Lsh For Finding Document Similarity

Last Tuesday winter storm Stella hit New York, and because it was impossible to commute to RC me and my roommate @nandajavarma decided to spend our afternoon coding a Python script to calculate the similarities between different documents.

Document similarity is a huge field in Natural Language Processing, so our purpose was to experiment with some simple concepts and see the results of comparing a few documents. We divided the job into two tasks to be able to cover the whole functionality in one day: my roommate was in charge of extracting the semantics of the documents while I was in charge of calculating the similarities of the resulting extractions.

Creating a semantical representation

The difference between semantical vs lexical representation lies in the idea of distance between words based on the likeness of their meaning as opposed to their lexical composition (i.e. word order, lexemes or how the String is created).

Let’s take a look at these two sentences:

Both sentences are lexically quite similar but semantically different. The word bear has a different connotation in each sentence; in the first one we can link the interpretation of ‘bear’ with ‘animal’ or ‘dangerous’ while in the second one we can link it with words like ‘handle’ or ‘upset’.

alt lsh

For our script we chose to extract the semantic space from the document content. The script goes through each document word by word and updates the vector representation of the document by adding its semantic relation weight value. Of course, it discards irrelevant words like prepositions or articles.

In addition of the semantic value, we also take into account the entropy of each word, grading and updating the word’s weight by its ambiguity and uninformativeness. A not very relevant word should have a high entropy, which will manifest ifself in a small update of the document vector representation.

Calculating similarities

It is possible to compare the resulting vector representation from our documents and find a semantical similarity descriptive value. I remember while writing a post a few months ago about the Jaccard Index Similarity to bump into a concept called Locality-Sensitive Hashing.

LSH is an algorithm that solves the approximate or exact Near Neighbor Search in high dimensional spaces. The general approach to LSH is to hash items multiple times, in such a way that similar items are more likely to be hashed to the same bucket than dissimilar ones.

The following picture shows how four documents (represented by the colors green, red, orange and blue) are located into buckets after applied a hash function. Because the green and the red document are placed in the same bucket, we can conclude that those documents are neighbors or similar.

alt lsh

Because of the random nature of the hash function, obviously calling it only once opens the door to possible errors. In the following picture all the documents are placed in different buckets, so it is impossible for us to conclude the similarities between them.

alt lsh

That is why LSH hashes multiple times trying to avoid this situation.

For instance, given documents A and B our Python script get their similarity by calculating the result of N different hash functions from both document vector representations. The index similarity between both documents should be calculated by summing the number of times those hashes are placed in the same bucket and dividing that sum by the number of total hash functions - N.

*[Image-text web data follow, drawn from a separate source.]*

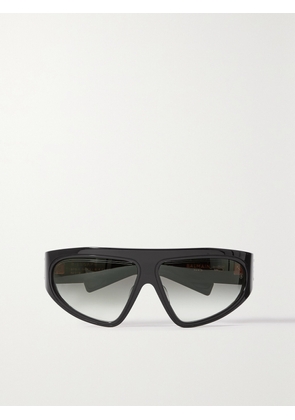 Balmain - B-escape D-frame Acetate And Gold-tone Sunglasses - Black - One size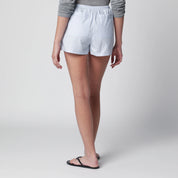 Dunst Light blue striped pajama mini shorts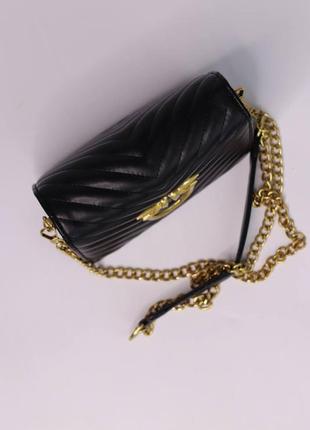 Жіноча сумка pinko love click classic quilt black, женская сумка, пінко чорного кольору5 фото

Our script returns a value between zero and one representing the similarity of both documents. The closer to one the value is the more similar those documents are.

Conclusions and results

At the end, being unable to leave home because of the winter storm wasn’t that bad. It was a great experience to pair with @nandajavarma, and we managed in just one day to finish the script. Surprisingly the results when comparing different documents are quite good. We are kind of proud of what we achieved in just one afternoon.

> python similarity.py sample_pdfs/Star\ Wars.pdf sample_pdfs/Star\ Trek.pdf sample_pdfs/Chocolate.pdf 

    title  Star Wars  Star Trek  Chocolate
Star Wars        1.0        0.9        0.2

In the future, it would be nice to modify the code in order to try different approaches of the LSH algorithm and compare results. For instance, it is possible to divide the vector representation of a document into N parts - instead of hashing against the whole vector, each hash function is used against one slice of the vector.